La Dichiarazione universale dei diritti umani, pur non essendo un documento giuridicamente vincolante, segnò una tappa fondamentale nella lotta per la tutela dei diritti umani. È composta da 30 articoli che elencano i diritti fondamentali di ogni essere umano, delinea con precisione il concetto di dignità umana, dandogli un fondamento teorico oggettivo e afferma il carattere di universalità e inalienabilità di tali diritti. La seconda guerra mondiale si era appena conclusa e le terribili conseguenze che questa aveva portato con sé pesavano sulla coscienza di tutti. Per evitare altri terribili scempi e disastri le Nazioni Unite lavorarono su un testo che potesse diventare la “Magna Charta universale di tutti gli uomini, ovunque”, come la definì Eleanor Roosevelt quando la presentò davanti all’Assemblea Generale delle Nazioni Unite.
I diritti umani sono considerati come superiori rispetto alle leggi e agli interessi nazionali, universali, validi quindi ovunque e sempre, e indivisibili, che significa che non è possibile stabilire una gerarchia per cui alcuni diritti sarebbero più importanti di altri. La Dichiarazione è stata affiancata successivamente da Patti e Trattati che ne hanno precisato e rafforzato i princìpi enunciati e hanno reso vincolante per gli stati firmatari il rispetto degli stessi, per quanto molte violazioni ad oggi riescano purtroppo a sfuggire i controlli.

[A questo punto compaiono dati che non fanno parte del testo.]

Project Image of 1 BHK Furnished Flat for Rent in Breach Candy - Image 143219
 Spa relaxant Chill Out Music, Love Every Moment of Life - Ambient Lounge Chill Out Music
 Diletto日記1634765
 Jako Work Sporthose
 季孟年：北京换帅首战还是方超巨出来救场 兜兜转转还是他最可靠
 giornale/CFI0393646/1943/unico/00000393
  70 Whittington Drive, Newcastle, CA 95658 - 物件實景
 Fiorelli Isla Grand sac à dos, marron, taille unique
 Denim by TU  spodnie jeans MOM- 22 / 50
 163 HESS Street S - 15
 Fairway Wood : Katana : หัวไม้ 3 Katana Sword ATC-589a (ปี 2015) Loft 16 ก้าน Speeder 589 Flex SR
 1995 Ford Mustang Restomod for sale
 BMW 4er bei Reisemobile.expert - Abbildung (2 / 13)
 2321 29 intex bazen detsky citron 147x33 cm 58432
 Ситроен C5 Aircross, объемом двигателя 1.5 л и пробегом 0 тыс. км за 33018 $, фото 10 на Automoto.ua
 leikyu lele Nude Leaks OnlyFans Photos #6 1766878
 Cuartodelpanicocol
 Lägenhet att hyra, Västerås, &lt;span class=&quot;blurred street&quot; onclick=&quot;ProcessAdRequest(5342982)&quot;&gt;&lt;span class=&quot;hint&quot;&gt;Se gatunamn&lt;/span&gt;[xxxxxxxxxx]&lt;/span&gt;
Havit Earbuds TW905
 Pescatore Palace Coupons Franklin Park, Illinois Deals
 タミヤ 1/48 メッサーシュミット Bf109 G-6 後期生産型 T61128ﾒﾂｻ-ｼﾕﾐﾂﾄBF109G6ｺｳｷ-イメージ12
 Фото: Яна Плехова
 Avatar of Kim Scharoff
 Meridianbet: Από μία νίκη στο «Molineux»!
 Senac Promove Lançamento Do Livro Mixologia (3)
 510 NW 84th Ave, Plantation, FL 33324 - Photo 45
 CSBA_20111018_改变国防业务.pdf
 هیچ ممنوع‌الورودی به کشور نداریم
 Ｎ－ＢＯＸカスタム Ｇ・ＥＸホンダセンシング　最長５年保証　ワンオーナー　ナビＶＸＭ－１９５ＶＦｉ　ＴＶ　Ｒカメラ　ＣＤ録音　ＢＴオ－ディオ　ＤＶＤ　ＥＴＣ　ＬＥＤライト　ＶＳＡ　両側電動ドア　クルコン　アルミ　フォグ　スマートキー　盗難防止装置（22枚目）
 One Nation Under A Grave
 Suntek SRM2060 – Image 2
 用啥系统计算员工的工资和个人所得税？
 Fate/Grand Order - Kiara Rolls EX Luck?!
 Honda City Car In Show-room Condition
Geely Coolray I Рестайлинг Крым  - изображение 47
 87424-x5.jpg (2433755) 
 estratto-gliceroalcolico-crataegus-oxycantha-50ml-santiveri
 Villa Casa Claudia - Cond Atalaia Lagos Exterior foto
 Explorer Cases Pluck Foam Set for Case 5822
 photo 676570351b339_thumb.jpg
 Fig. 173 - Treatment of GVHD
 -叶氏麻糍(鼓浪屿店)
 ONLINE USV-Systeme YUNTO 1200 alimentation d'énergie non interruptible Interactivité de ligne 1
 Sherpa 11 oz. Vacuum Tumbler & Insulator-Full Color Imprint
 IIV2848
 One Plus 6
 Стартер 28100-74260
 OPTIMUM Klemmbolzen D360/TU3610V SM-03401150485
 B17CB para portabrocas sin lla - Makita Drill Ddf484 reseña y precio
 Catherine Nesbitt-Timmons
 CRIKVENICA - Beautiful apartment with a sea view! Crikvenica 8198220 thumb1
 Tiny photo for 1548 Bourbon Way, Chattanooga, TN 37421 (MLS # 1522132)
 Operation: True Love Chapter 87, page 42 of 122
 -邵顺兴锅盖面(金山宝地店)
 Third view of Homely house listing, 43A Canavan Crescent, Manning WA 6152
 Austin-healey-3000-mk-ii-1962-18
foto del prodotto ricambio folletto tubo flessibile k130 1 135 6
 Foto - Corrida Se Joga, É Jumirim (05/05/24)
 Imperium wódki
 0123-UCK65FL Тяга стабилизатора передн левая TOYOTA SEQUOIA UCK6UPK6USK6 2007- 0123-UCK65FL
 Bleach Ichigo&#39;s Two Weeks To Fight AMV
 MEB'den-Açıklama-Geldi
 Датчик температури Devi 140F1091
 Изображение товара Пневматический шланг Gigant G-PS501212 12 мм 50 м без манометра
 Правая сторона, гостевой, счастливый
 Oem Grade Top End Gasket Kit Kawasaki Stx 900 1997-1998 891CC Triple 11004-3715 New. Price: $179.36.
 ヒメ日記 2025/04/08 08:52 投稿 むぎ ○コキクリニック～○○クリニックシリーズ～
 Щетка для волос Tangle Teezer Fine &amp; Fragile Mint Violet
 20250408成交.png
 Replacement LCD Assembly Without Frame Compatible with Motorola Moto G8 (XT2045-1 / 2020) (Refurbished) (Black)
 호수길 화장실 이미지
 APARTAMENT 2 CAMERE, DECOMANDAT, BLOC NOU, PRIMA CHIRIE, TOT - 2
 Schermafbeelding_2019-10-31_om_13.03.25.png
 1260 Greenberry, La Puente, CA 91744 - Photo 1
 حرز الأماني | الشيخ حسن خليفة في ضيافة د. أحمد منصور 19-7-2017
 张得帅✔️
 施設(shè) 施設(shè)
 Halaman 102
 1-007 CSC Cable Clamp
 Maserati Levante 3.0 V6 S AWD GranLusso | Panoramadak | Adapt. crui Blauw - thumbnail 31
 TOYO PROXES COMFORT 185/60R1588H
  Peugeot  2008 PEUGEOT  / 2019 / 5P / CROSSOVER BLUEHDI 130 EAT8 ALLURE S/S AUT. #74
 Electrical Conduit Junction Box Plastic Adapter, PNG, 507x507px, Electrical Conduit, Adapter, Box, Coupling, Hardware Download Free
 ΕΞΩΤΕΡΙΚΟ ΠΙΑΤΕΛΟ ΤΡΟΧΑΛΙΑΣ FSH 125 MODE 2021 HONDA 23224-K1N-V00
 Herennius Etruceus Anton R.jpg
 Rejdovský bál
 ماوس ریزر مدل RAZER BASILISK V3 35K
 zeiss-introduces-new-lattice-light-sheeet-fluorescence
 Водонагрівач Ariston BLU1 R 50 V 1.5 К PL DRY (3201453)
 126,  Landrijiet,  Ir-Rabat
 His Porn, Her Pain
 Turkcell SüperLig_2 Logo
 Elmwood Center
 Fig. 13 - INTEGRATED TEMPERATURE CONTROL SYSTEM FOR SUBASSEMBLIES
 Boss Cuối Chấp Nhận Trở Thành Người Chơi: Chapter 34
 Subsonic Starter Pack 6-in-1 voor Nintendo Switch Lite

Il primo articolo della Dichiarazione getta le basi del riconoscimento basilare dell’eguaglianza di tutti gli uomini: “Tutti gli esseri umani nascono liberi ed eguali in dignità e diritti. Essi sono dotati di ragione e di coscienza e devono agire gli uni verso gli altri in spirito di fratellanza”. L’art. 2 precisa che tale uguaglianza non ammette alcuna distinzione di razza, di colore, di sesso e nell’art.3 vengono enunciati i diritti fondamentali “alla vita, alla libertà ed alla sicurezza della propria persona”. Seguono i diritti civili, quelli politici e infine i diritti economici, sociali e culturali.
Occorre precisare che il testo della Dichiarazione non è privo di ambiguità e di espressioni generiche, rinviando spesso alle leggi che ogni stato emanerà per disciplinare la materia lasciata scoperta dal testo internazionale. Un esempio è l’art. 29, che indica quali sono le limitazioni ammissibili dei diritti umani: “Nell'esercizio dei suoi diritti e delle sue libertà, ognuno deve essere sottoposto soltanto a quelle limitazioni che sono stabilite dalla legge per assicurare il riconoscimento e il rispetto dei diritti e delle libertà degli altri e per soddisfare le giuste esigenze della morale, dell'ordine pubblico e del benessere generale in una società democratica". "Morale", "ordine pubblico", "benessere generale in una società democratica" sono tutti concetti molto generici, che si prestano a facili manipolazioni.